--- Directions for this task ---
Count the lines below that contain the word "Used", and give only that number.

--- Supplied records ---
------------------------------------------------
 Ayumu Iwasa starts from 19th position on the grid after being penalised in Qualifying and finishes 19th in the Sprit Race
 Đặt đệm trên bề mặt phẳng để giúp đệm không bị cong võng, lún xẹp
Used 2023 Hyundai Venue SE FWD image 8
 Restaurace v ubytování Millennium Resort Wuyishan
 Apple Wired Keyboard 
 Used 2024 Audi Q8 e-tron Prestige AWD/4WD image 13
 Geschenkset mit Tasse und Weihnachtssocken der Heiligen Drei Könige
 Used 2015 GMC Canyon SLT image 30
------------------------------------------------
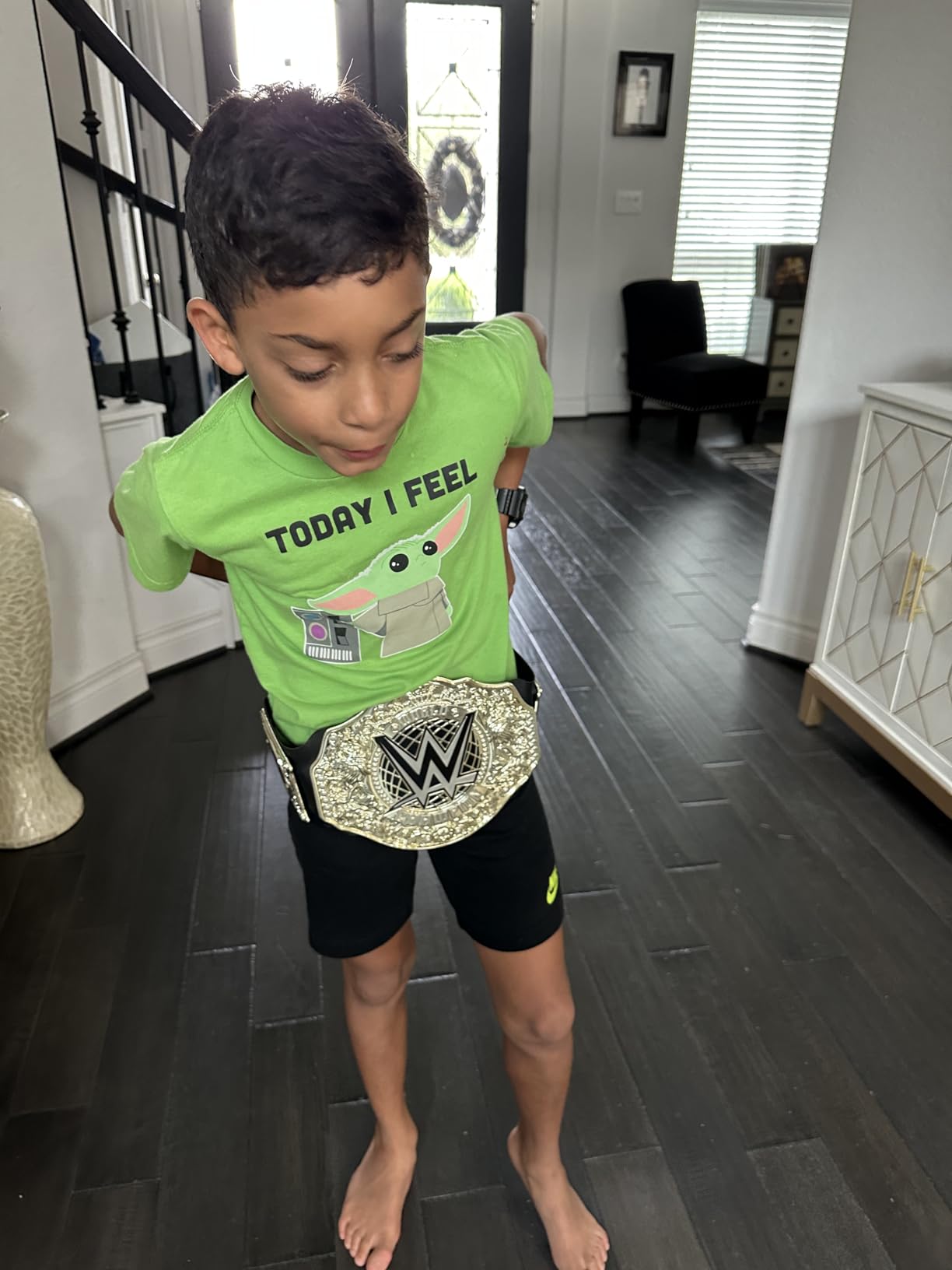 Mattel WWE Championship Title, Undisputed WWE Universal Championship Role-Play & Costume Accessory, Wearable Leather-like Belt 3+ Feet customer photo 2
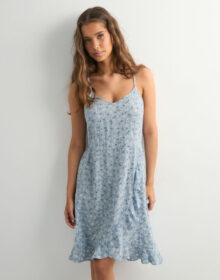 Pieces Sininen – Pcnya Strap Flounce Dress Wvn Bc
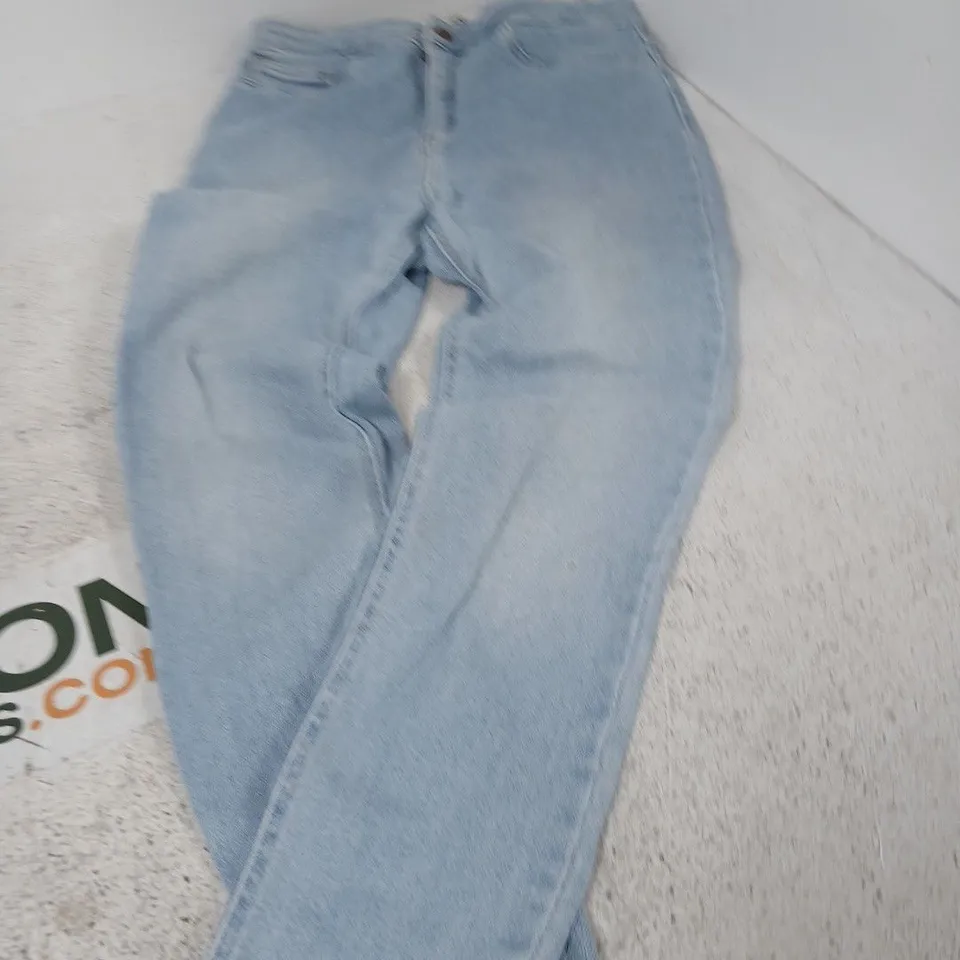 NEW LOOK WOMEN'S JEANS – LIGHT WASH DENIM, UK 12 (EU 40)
------------------------------------------------
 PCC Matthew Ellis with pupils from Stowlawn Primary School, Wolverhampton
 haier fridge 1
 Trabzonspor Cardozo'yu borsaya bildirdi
------------------------------------------------
--- Answer area ---
3